PROVIDED ENTRIES: Begin

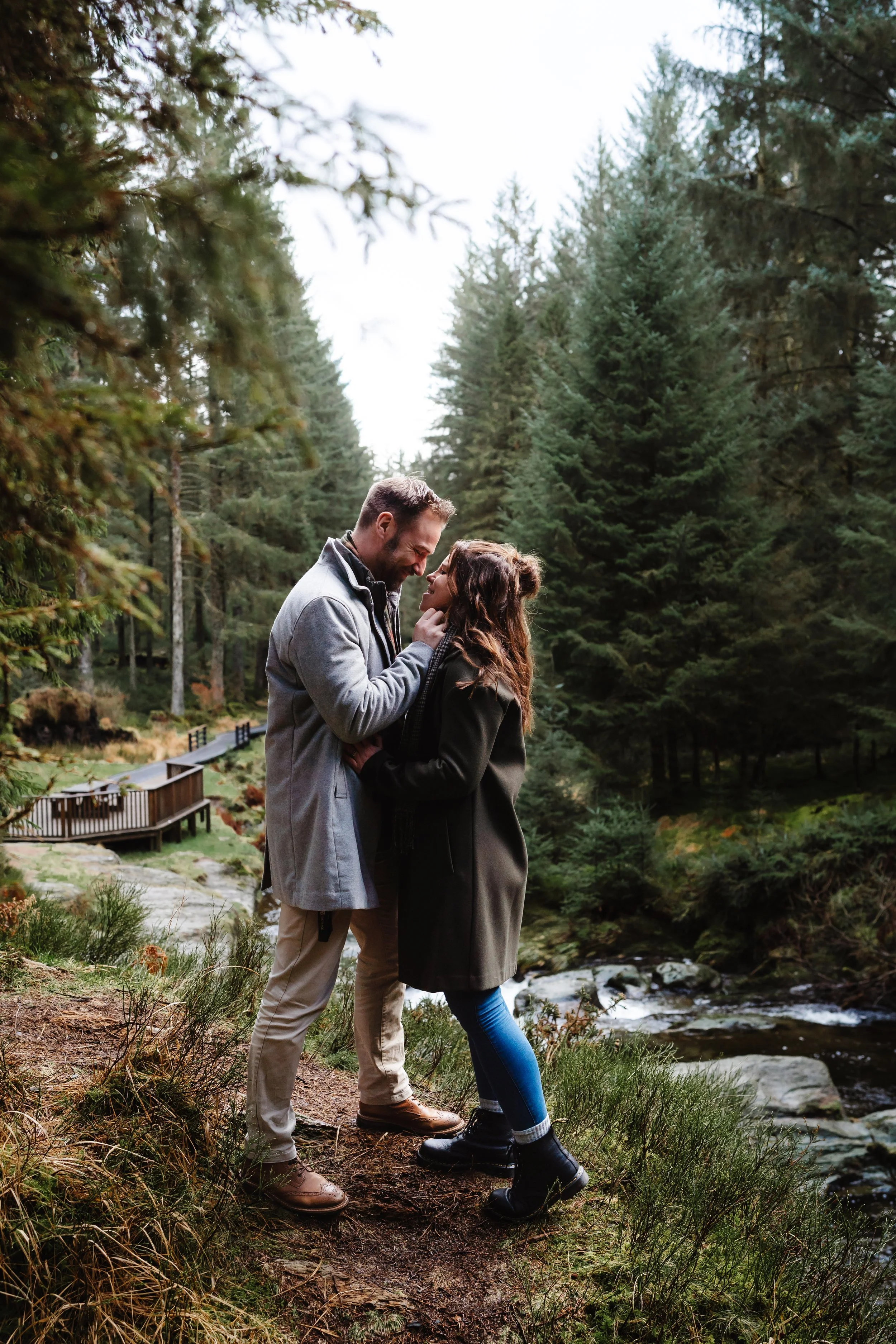 Couple's Shoot Hafren Forest, Mid-Wales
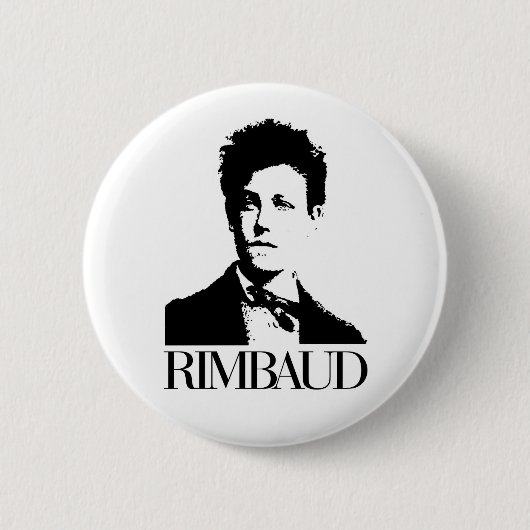 Badge Rond 5 Cm Arthur Rimbaud (Devant)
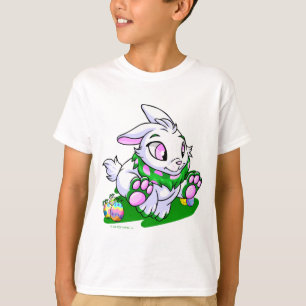 T-shirt Cybunny verde que compete através dos neggs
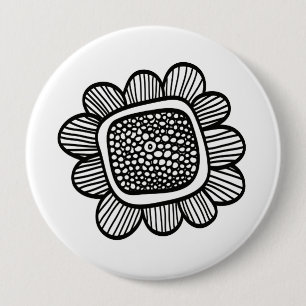 Stambloem Ronde Button 4,0 Cm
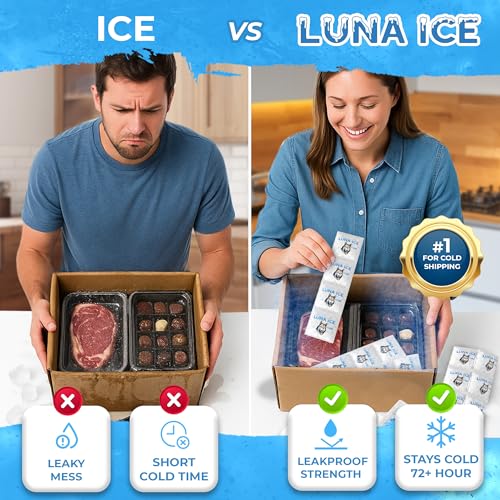 Image of Dry Ice Packs for Shipping Cubes - Long Lasting ice Packs - 24+ Hour Freeze Power - BPA Free - 24 Pack Bulk 1.5 lb - Hielo Seco - Reusable Gel Bricks for Food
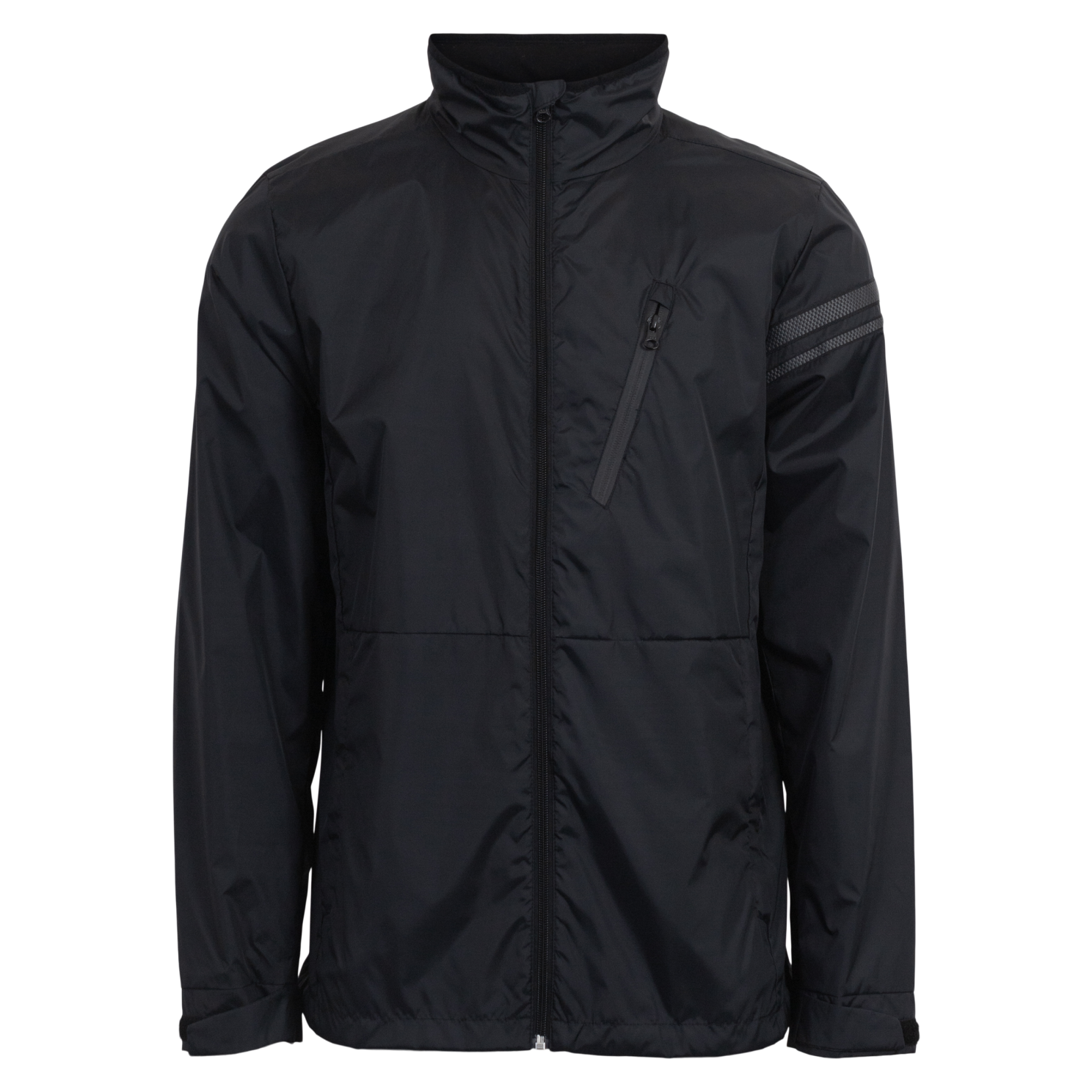 Herre Vindjakke Black Gray   i Store Plus Size Størrelser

PROVIDED ENTRIES: End

_ASSIGNMENT_
Retype all entries above verbatim; no pictures belong in the copy.

_ANSWER SPACE_
 Couple's Shoot Hafren Forest, Mid-Wales
 Badge Rond 5 Cm Arthur Rimbaud (Devant)
 T-shirt Cybunny verde que compete através dos neggs
 Stambloem Ronde Button 4,0 Cm
 Image of Dry Ice Packs for Shipping Cubes - Long Lasting ice Packs - 24+ Hour Freeze Power - BPA Free - 24 Pack Bulk 1.5 lb - Hielo Seco - Reusable Gel Bricks for Food
 Herre Vindjakke Black Gray   i Store Plus Size Størrelser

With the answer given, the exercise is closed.